Marty Stuart Takes A Detour With Film, Play And Books


This appeared in Country Weekly - October 28, 1997

After a quarter century in country music, Marty Stuart is taking on new challenges to keep his powers of imagination and inventiveness buffed bright.

"I was just kind of running on fumes, creatively," Marty says. "There comes a point where you go, 'Well, I can go back and do this and this and this and this and this again and run along with the pack, but I never get anywhere running with the pack.' The fun factor had dropped. It had turned into a job."

His new projects include writing the music and lyrics for a stage comedy, working on movie soundtracks and books of photographs and short stories.

"To me, it's an exercise in fun. It's a challenge. I have been writing. There are things to write beyond songs. There are short stories, plays, songs for plays, novels, poetry."

He just finished the music and lyrics for a musical comedy called Moon Shine. The play was written by Mary Willard and stars her husband, comedian Fred Willard. The Willards are old friends of Marty's.

"The play is about three guys from Texas who are heirs to an animal chow kingdom," Marty says. "They've got more money than they can ever spend in 50 lives, but their daddy died and left it in his will that if his sons didn't go out and get some culture and meet three women their their other approved of to bring back home and marry, they would lose the money to one of his old Army buddies.

"So these guys--where do they come to look for the finest women in the world?
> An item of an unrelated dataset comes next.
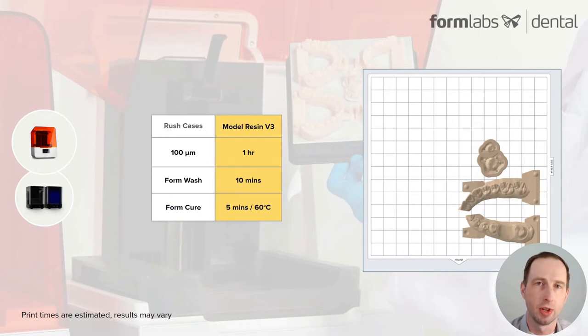Dental laboratories and businesses need the ability to handle rush cases. When that case has got to go, you need to have that crown or part or whatever it might be as fast as possible. In this print example, I'm showing this Quadrant Model kit, and it prints in about an hour. With post-processing, you're able to have this model kit ready to go in about an hour and a half.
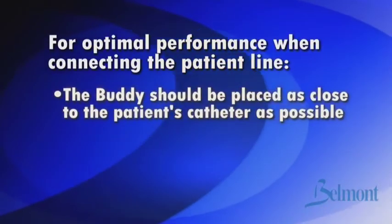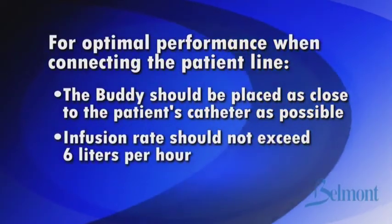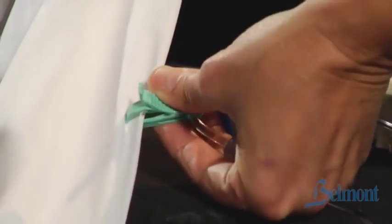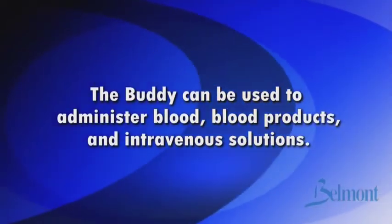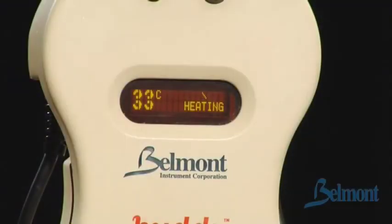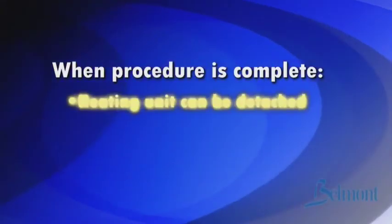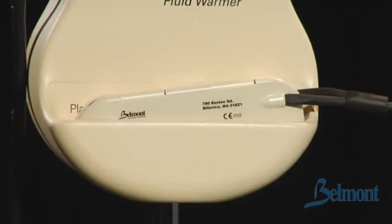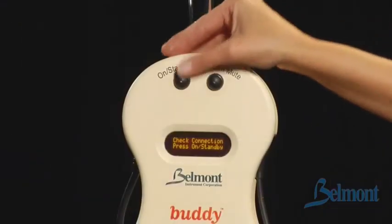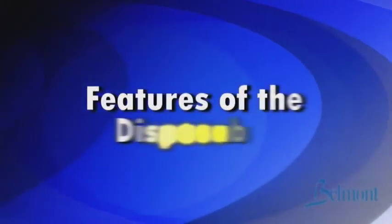For optimal performance, the Buddy should be placed as close to the patient's catheter as possible and infusion rate should not exceed 6 liters per hour. Secure the heating unit on top of the patient using the sheet clamps. The Buddy can be used to administer blood, blood products, and intravenous solutions. You will see the temperature displayed on the panel and the word 'heating.' The Buddy will vent air from crystalloid solutions during operation. When the procedure is complete, the heating unit can be detached from the power module and travel with the patient if desired. The heating unit can be stored in the pocket on the front of the power module. Hold the power button for one second to place the unit into standby.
L.A."

The plot might be loony, but Marty's taking the tunes very seriously. "Here's the perfect chance for country music to shine in Los Angeles. We still have trouble out there. There's a bit of a hay bale mentality, and I thought here's the chance to show them that wonderful, world-class songs can be written. I took that as a personal challenge."

A trip to the Sundance Film Festival led to soundtrack work for movies like the upcoming Hi Lo Country, starring Woody Harrelson.

"The thing about this film that knocks me out: I'm sitting in the middle of Beverly Hills on Rodeo Drive, talking to this wonderful musical person who wants things to sound like Bob Wills really made them sound in 1946," says Marty.

"She said, 'I don't want a song from 1947. I want a song from 1946. It's a post-war period,' They're actually being truer to country music on Rodeo Drive than we are on (Nashville's) 16th Avenue."

Marty is also beginning a pair of books. One is a collection of his short stories; the other is built around 25 years worth of his photographs, which document his career back to its start when he was a teen mandolin prodigy working with Lester Flatt.

The new projects represent a detour, says Marty, not a destination. "It's just time for recess and to get out and have some fun and then take it back home and make a great album from the experience of it all."